The dollar spiked higher versus the euro and sterling Friday morning in New York as demand from riskier currencies waned and traders looked ahead to the latest round of consumer spending and and sentiment data.

Trading on Friday could be impacted by the release of the Commerce Department's report on personal income and spending in the month of February along with the Reuters/University of Michigan's revised reading on consumer sentiment in the month of March.

After suffering steep losses last week, the dollar has rebounded against the euro, rising to a weekly high of 1.3362. With the advance, the dollar moved away from a 10-week low of 1.3737.

Friday, the Eurostat said in a report that the industrial new orders dropped 3.4% month-on-month in January, after falling a revised 8% in December. Economists were looking a decline of 5.6%.

The dollar also rallied versus the sterling, rising to 1.4300 from a recently set multi-week low of 1.4777.

The UK economy contracted in the fourth quarter at the fastest pace since 1980.

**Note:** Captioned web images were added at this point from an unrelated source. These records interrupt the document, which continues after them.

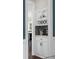 Coffee bar with overhead cabinets, glass door inserts and decorative backsplash at 5755 Riley Rd, Cumming, GA 30028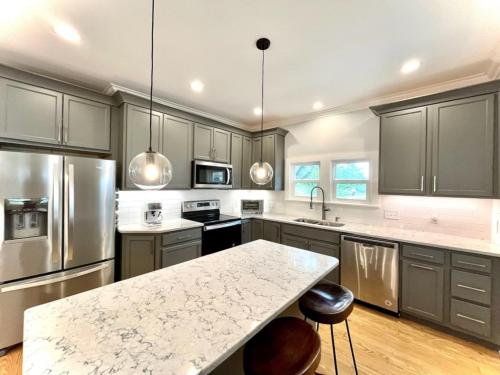 une cuisine avec des placards gris et un comptoir blanc dans l'établissement Hip & Spacious 3BR w/ FirePit & Large Yard, à Knoxville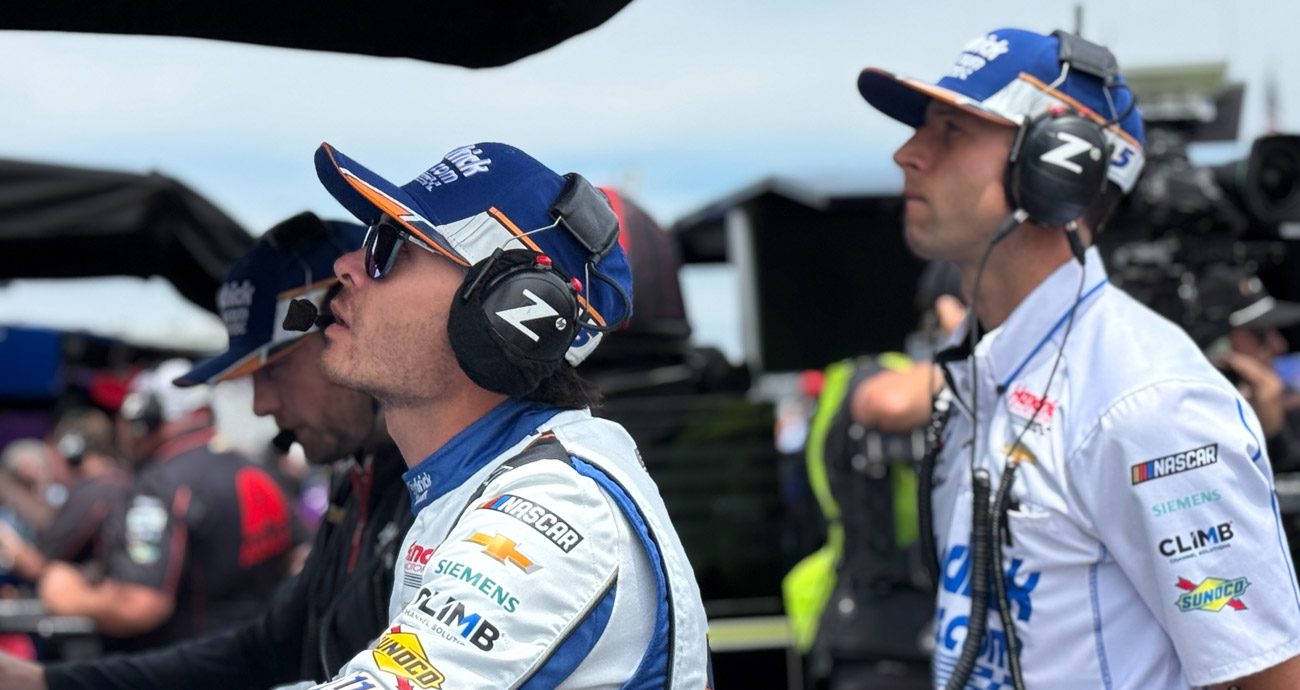 Kyle Larson and crew chief Cliff Daniels look on during NASCAR Cup Series practice.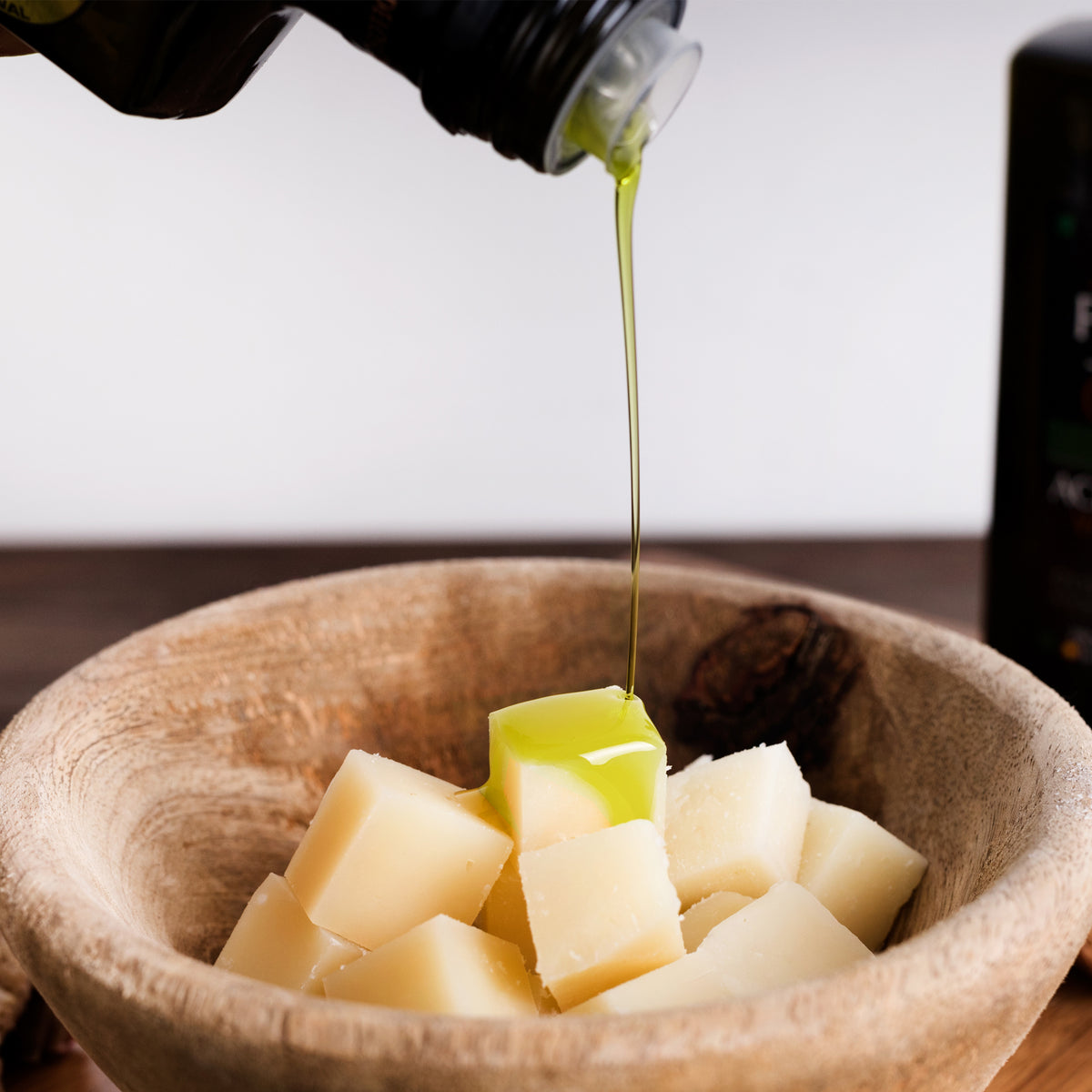 Palacio de los Olivos olive oil pouring over cubes of aged cheese.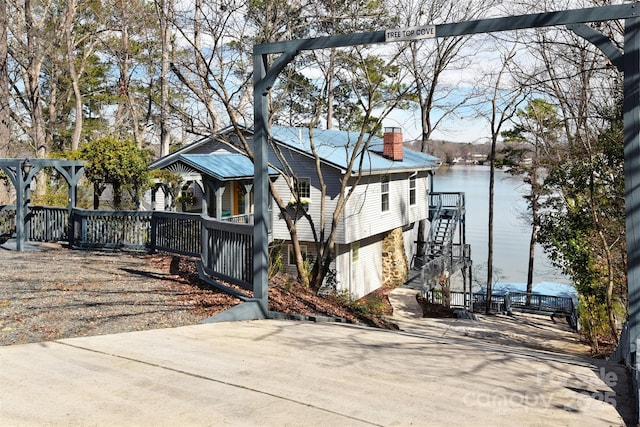 view of front facade featuring stairway, a water view, and a chimney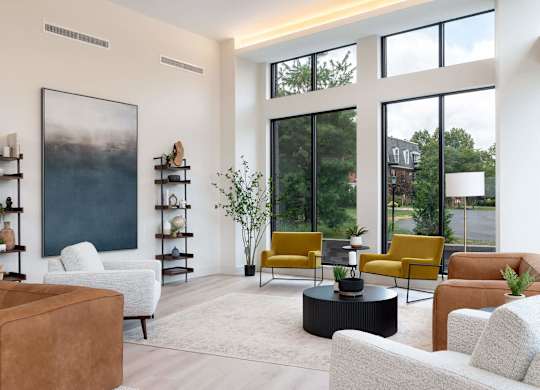 A living room with a large window, a painting, and a variety of seating options.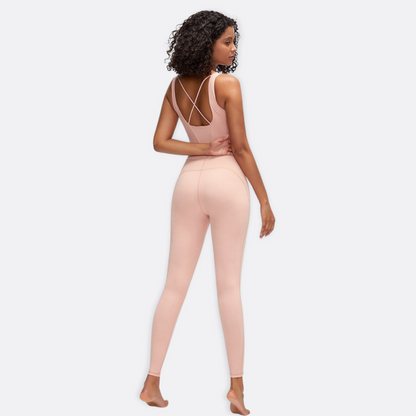 Back view of model posing in a sexy, rose coloured jumpsuit from Vibras Activewear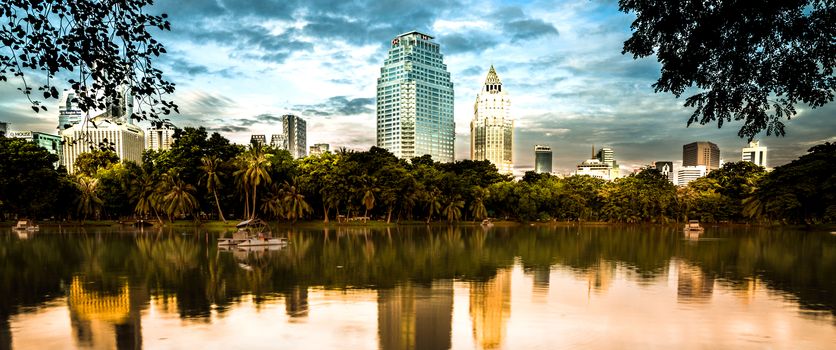 Skyline scene of group of office buildings in financial district of Bangkok, Thailand.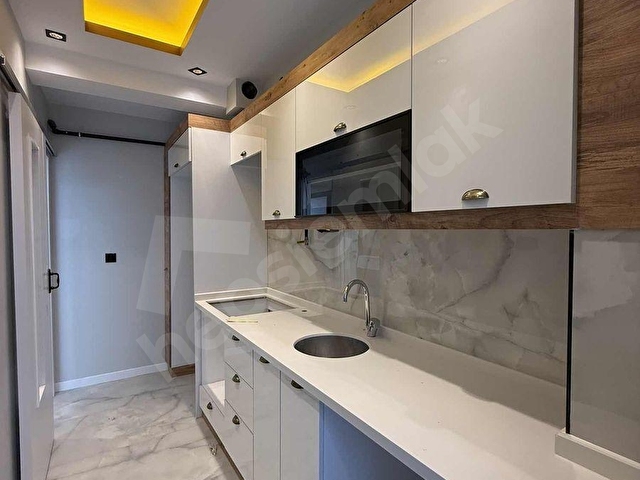 TEPEBAŞI ÇAMLICA MAH. BALKONLU ZEMİNDEN ISITMA 2+0 SATILIK DAİRE - Görsel 12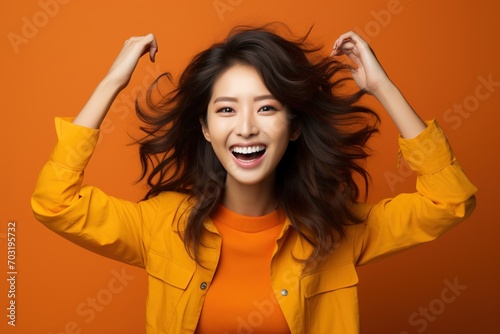 Portrait of a happy young Asian woman photo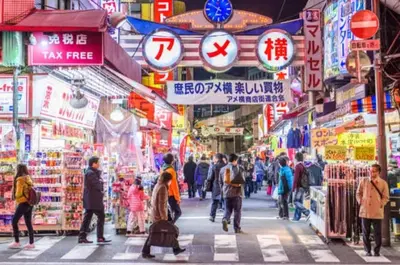 a group of people walking through a market with signs at Imb\u753a\u5c4b4\u4e01\u76ee102 in Tokyo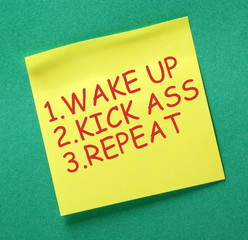 Yellow sticky note with the words Wake Up, Kick Ass and Repeat in red text as a motivational reminder
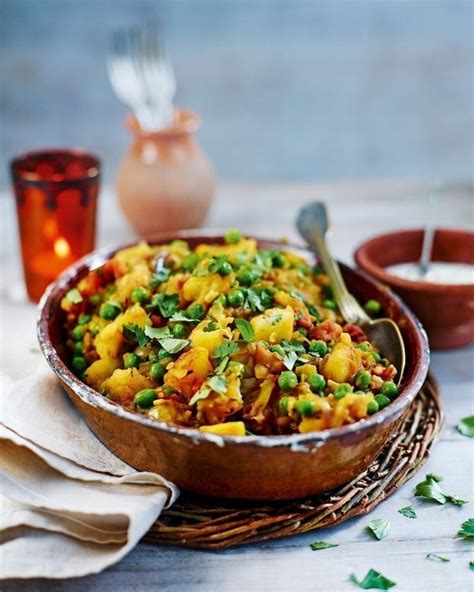 spiced-potatoes-and-peas-recipe-delicious-magazine image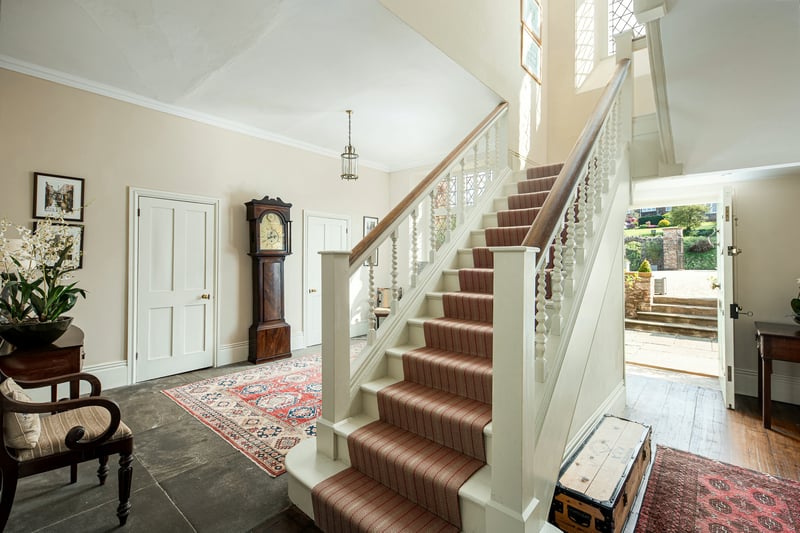 The main house boasts an impressive wooden staircase leading up to windows overlooking the courtyard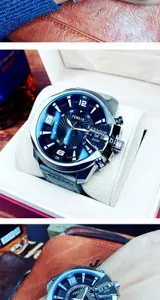 Oversized men's quartz watch with unique crown guard and bold dial for fashion business style.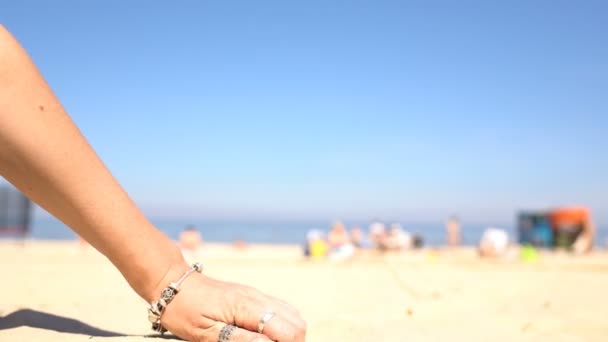 Zand gieten uit de handen van een vrouw op het strand. — Stockvideo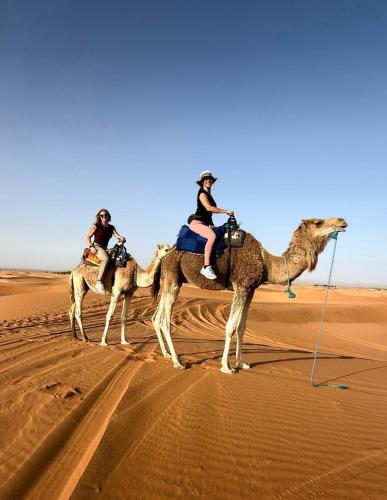 three people riding on the camel in the desert at Sahara Luxury Camp VIP in Merzouga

A report from the Office for National Statistics showed Friday that the British economy shrank 1.6% sequentially in the fourth quarter, revised down from a contraction of 1.5%. In the third quarter, GDP was down 0.7%. Two consecutive quarters of decline in GDP denotes a recession.

Friday, the UK economy may recover by the end of this year, the Bank of England chief economist Spencer Dale said.

In a speech at the Association of British Insurers Economics and Research Conference in London, Dale said, as we go through 2009, I believe it is most likely that the pace at which output is contracting will ease and that we will see some signs of recovery by around the turn of this year.

The dollar softened a bit versus the yen Friday morning, again unable to break above the elusive 100 mark. The dollar pulled back to 97.30 after challenging 99 on Thursday.

Retail sales in Japan plummeted by 5.8 percent in February when compared to a year earlier, according to government data released Friday.

The decline was the sharpest in 7 years and the 5th straight month of lower retail sales.